I really like those "shallow" cash games on Full Tilt. They only allow you to buy in with 20 big blinds, so the action is usually nice and loose. The table I played at tonight was predictably so; but unfortunately, that action led to...

TONIGHT'S UNLUCKINESS:
It folds around to my SB. The BB was a weak player, so I decide to play tricky with my AA and just call. It's her turn to act and I'm thinking "please raise, please raise." She obliges me, and raises to $1.50. I thank my lucky stars. Knowing that she likes her hand, I decide to min-raise to get more money into the pot before she whiffs the flop. She calls, and we see a flop of QQ4. She bets the pot pretty quick, and any good poker player will tell you exactly what she has here (small pocket pair.) Since I min-raised pre-flop, I decided another min-raise is the best way to get the rest of her money in the middle. So I make it $12, and she shoves, right on cue. With $40 in the pot and both players all in, she shows me that my read was perfect. Pocket sixes. The third six wastes no time and pops up right there on fourth street. I put on the angry face and decide not to re-buy.

May 01, 2010

Unemployable

Anyone who knows me knows that I'm a man of many hustles, poker being one. First and foremost, I'm an idea man. I am the kind of man you discuss a project with, not the one you put to work on it. This is easily my most profitable skill. This blog is a perfect example. You see? I had an idea, and BLAM! There it is. I'm a genius (and I mean this!)

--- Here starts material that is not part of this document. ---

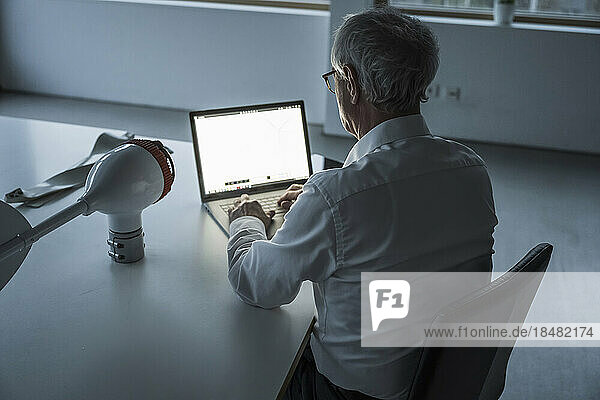 Techniker arbeitet am Laptop und sitzt am Schreibtisch im Büro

The problem with being an idea man is that, while you posses a skill applicable in practically any vocation, almost no one will pay you what you're worth, and more often than not you're working a job that seems like a waste of your time and abilities. This is why poker attracts so many people like me; it provides unlimited earning potential for anyone who's got their proverbial shit together.

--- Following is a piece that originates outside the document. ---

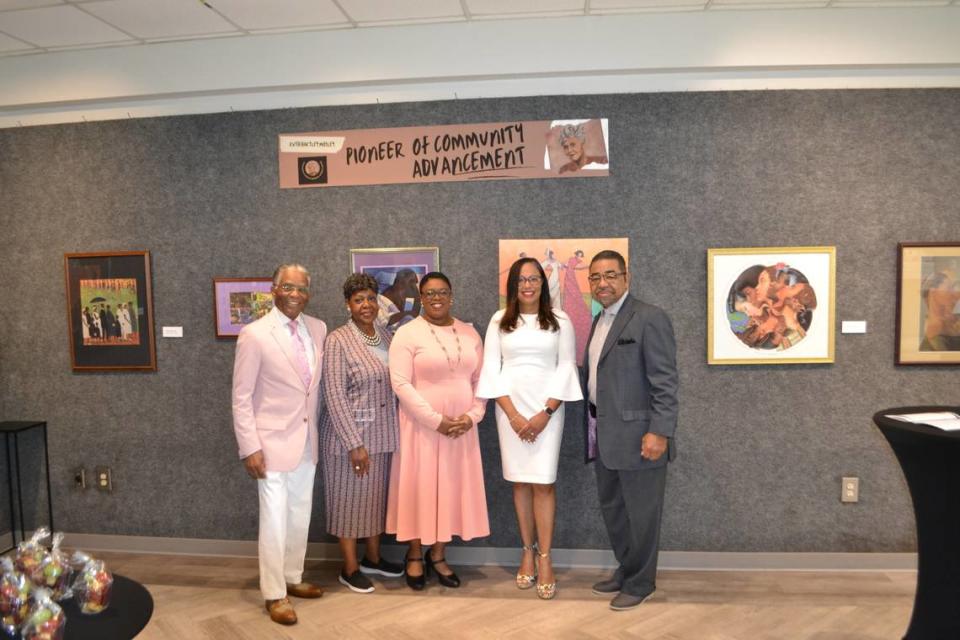 Honorees Dr. Keisha Callins and Dr. Patrice Walker stand with board members of RHMMWC in front of the exhibit wall on display at the Douglass Theatre in honor of Ruth Hartley Mosley while attending the inaugural Central Georgia Women of Impact Awards on Saturday.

I've worked shit jobs. Fast food and corporate chain restaurants mostly. If you think you've worked a shit job and it was in an office, then you don't know what shit is. But even after college, when a degree allowed me to make $50k a year pushing buttons, I worked jobs that certainly weren't taking full advantage of what I had to offer. Maybe I'm just a malcontent like most people, and the only job that will make me truly happy is King-Of-The-World (and even then I would complain about what a dick the boss is.)

Given my skill set, poker seems like a great profession for me and would certainly be my first choice if it weren't for the whole unluckiest-player-in-the-world thing. But, as luck would have it, right now poker is my only source of income. That's right. I'll admit it. I win, sometimes. Like when it doesn't count. For instance, the other night I won nine bucks for getting first place in a $2 SNG. But when I use that nine bucks to buy into a big tournament on Sunday what do I win? Why, a wasted afternoon, of course!

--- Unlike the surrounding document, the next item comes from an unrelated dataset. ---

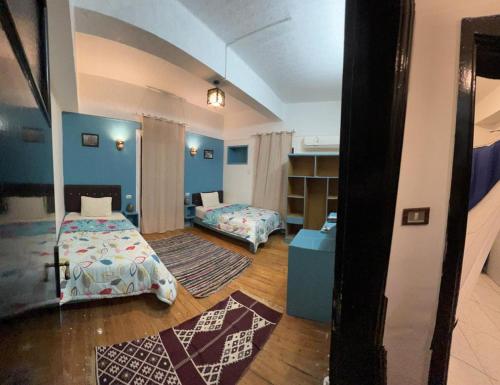 a bedroom with two beds in a room with blue walls at happy life hostel in Cairo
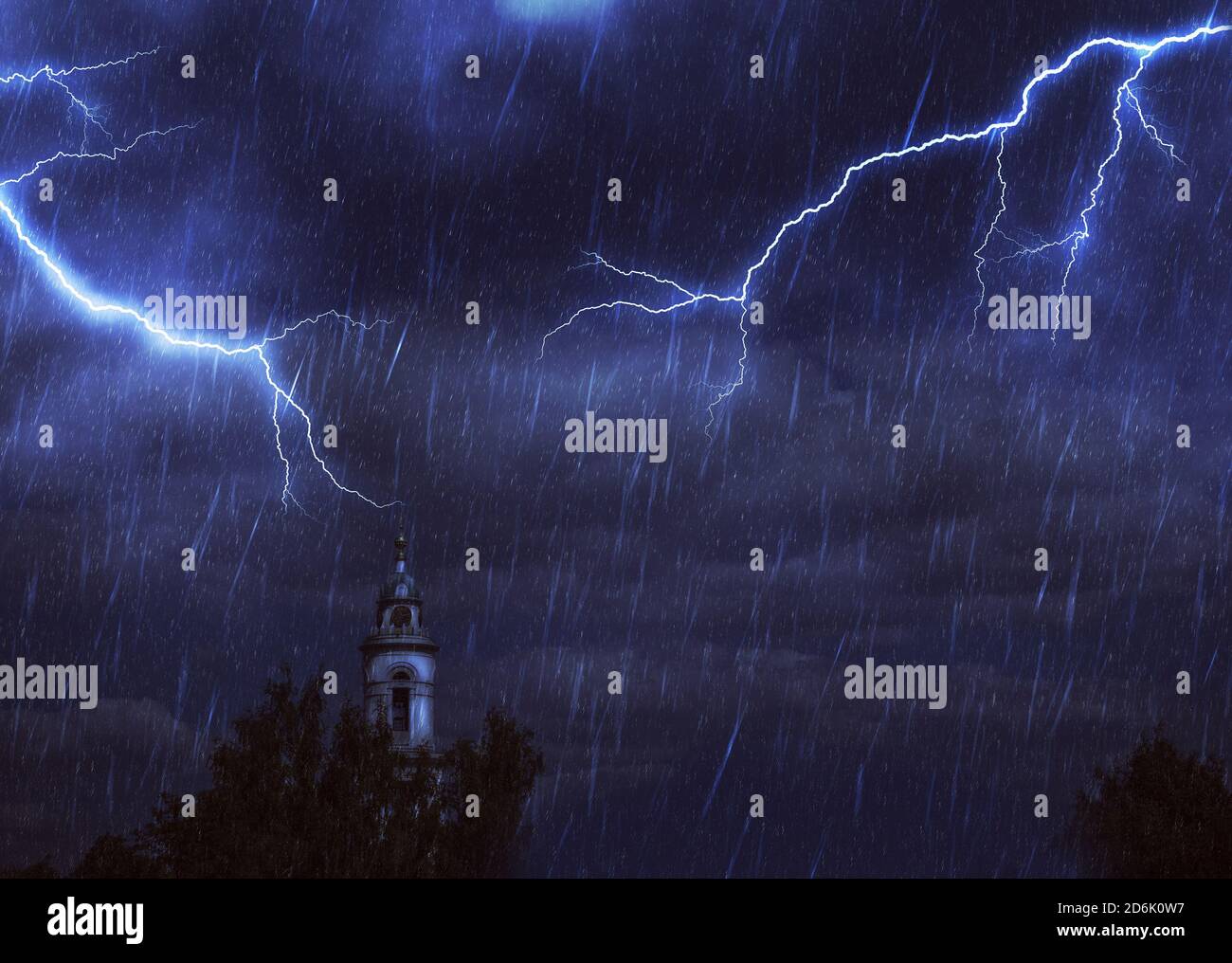 Clock Rainstorm Ancient church clock tower night stormy landscape with rain and ...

Losing is the worst part of being a professional poker player. No matter how good you are, you can't win them all. There will always be downswings. Coolers. Suck outs. Mother variance manifesting herself in the form of a bad beat, turning your fantastic tournament performance (where you totally owned all of the nits and frat boys) into a waste of $200. Unfortunately for me, mother variance loves to punish the unlucky. Be thankful it's not you. At this point, I am convinced that it serves a purpose. Maybe I'm there to give the hopeless gambler a second chance. I'm that sharp young broke kid that plays good but always loses when someone eventually gets lucky on him. If it weren't for the dream of busting people like me, most whales wouldn't even be in the game. I guess I should play my part, since I know my role so well...

TONIGHT'S UNLUCKINESS:
Final tabled the $500 guarantee on Absolute Poker, only to get busted by the table maniac. From the unopened SB he tries to steal my BB with K4 off suit and a 4.5xbb raise. I quickly 4-bet shove all in with 44 and he SNAP calls like he knows he's good. This call was for about %90 of his chips. The king on the river earns me a fourth place finish and $50. He went on to win the thing for $150.